Madame D. est donc une enseignante ouverte qui accepte d’aborder avec ses élèves des sujets délicats, ce qui a pour conséquence qu’il n’y a pas de débordement du côté des élèves pas plus que du côté des parents. Cependant, elle avoue qu’il y a des questions qu’elle élude, en fait une seule question en trois ans qu’elle a censurée : « Pourquoi quand on fait l’amour les femmes crient ? ».
Elle s’est sentie gênée parce qu’elle n’avait pas de réponse scientifique à fournir. On peut crier de plaisir ou de douleur. On rentre dans l’intime et les réactions individuelles sont très variables et le plaisir sexuel est difficile à faire comprendre à des élèves de l’école primaire, les collégiens sont plus à même de pressentir ce dont il s’agit.

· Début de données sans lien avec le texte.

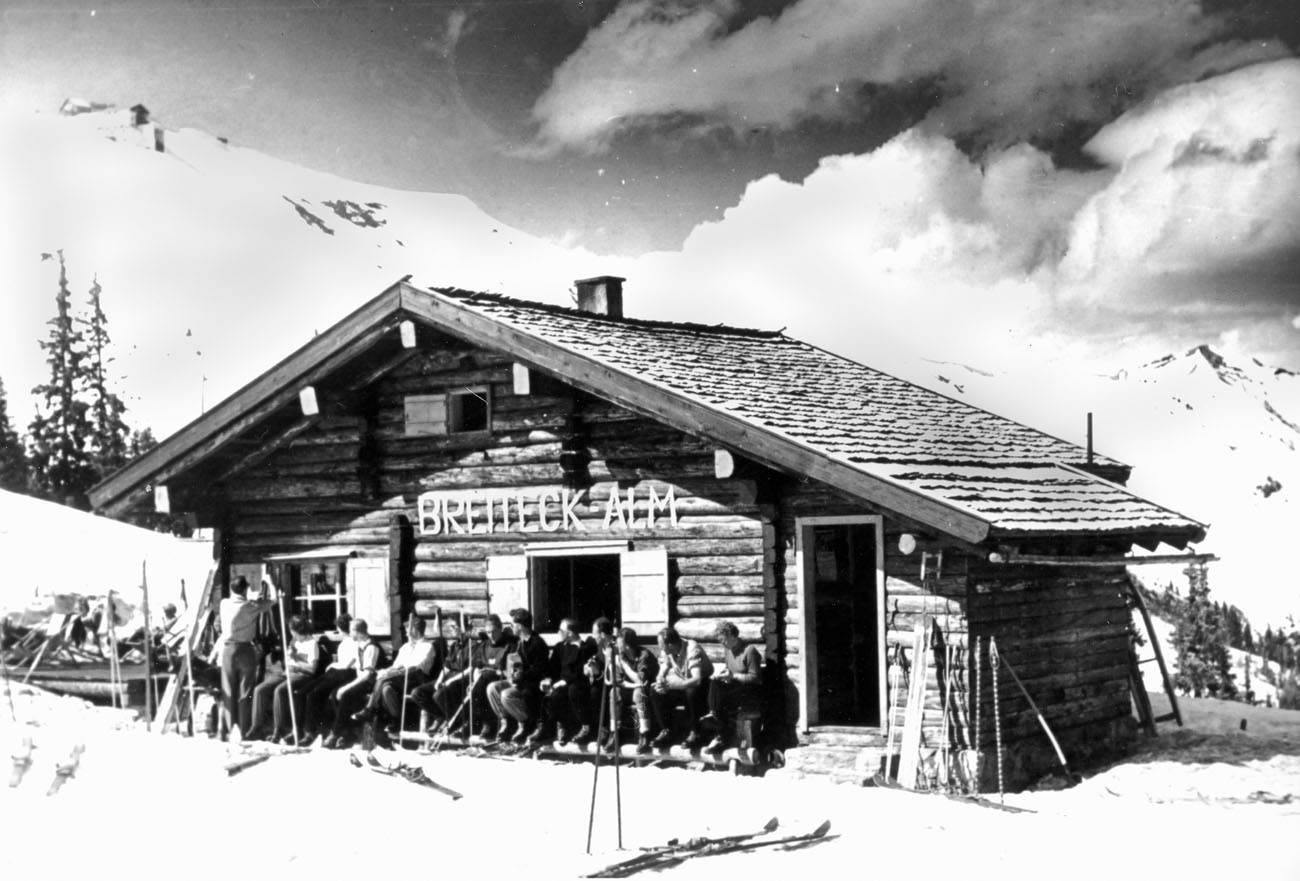Historische Aufnahme der Breiteckalm aus dem Jahr 1954.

Mais après un moment d’échange, elle a réalisé qu’elle était tout à fait apte à traiter cette question qui peut se révéler importante pour lever certaines représentations néfastes construites au travers de la télévision et du cinéma.

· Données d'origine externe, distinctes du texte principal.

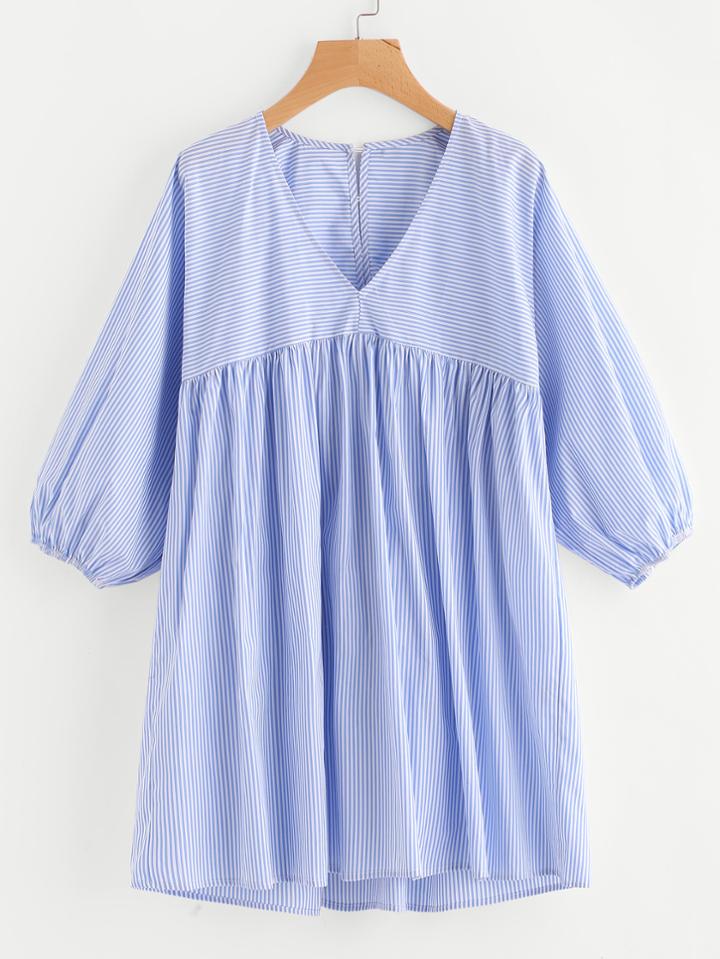 Shein Lantern Sleeve Mixed Stripe Smock Dress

Elle conclut que c’est en mûrissant et avec l’expérience qu’elle s’est autorisée à aborder certaines questions comme celle de la sexualité, même si c’est au travers de la reproduction, ou encore l’égalité filles garçons.
Il est bien évident que les questions posées à une autre enseignante dans un autre contexte, auraient obtenu des réponses différentes, mais on voit très bien grâce à cet entretien que les questions liées à l’intime se montrent délicates même pour une enseignante bien avec elle-même sur ces questions et ouverte au questionnement des élèves. Que certains sujets demandent maturité et expérience d’autant que l’on n’a pas été spécifiquement formé pour. Que les parents sont peut-être soulagés que certaines questions délicates soient abordées en classe plutôt qu’à la maison.
Mais on n’est pas sans savoir que malgré l’inscription dans les programmes, dans certaines écoles, les questions liées à la sexualité sont escamotées par gêne de la part de l’enseignant.